Problem requirements:
Return all lines of the data in which the string "with" occurs.

Data:
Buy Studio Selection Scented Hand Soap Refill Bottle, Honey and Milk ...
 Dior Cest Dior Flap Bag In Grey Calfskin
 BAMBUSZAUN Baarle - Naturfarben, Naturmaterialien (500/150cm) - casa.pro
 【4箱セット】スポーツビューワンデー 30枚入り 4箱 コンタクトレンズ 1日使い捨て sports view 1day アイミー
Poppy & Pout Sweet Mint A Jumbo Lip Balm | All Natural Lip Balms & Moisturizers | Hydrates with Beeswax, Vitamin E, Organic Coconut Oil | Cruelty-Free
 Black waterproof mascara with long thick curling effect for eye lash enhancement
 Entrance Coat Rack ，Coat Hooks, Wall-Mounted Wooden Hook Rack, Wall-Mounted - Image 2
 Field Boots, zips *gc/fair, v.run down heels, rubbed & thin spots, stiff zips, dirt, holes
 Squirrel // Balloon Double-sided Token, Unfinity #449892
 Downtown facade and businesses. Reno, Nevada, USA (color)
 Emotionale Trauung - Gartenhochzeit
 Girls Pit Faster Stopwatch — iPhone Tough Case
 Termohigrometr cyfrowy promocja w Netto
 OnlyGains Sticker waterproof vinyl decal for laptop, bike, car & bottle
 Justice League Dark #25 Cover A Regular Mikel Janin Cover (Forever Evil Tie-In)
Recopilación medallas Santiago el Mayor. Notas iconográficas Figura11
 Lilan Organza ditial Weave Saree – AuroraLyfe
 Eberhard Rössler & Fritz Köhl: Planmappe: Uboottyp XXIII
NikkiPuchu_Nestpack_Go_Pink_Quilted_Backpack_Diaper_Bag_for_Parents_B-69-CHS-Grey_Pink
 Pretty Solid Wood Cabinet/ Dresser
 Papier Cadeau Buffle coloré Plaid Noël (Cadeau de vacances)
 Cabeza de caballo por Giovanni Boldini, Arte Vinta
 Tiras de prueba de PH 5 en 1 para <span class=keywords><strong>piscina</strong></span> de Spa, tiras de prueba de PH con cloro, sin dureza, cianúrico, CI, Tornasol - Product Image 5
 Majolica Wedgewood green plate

Your solution:
Poppy & Pout Sweet Mint A Jumbo Lip Balm | All Natural Lip Balms & Moisturizers | Hydrates with Beeswax, Vitamin E, Organic Coconut Oil | Cruelty-Free
 Black waterproof mascara with long thick curling effect for eye lash enhancement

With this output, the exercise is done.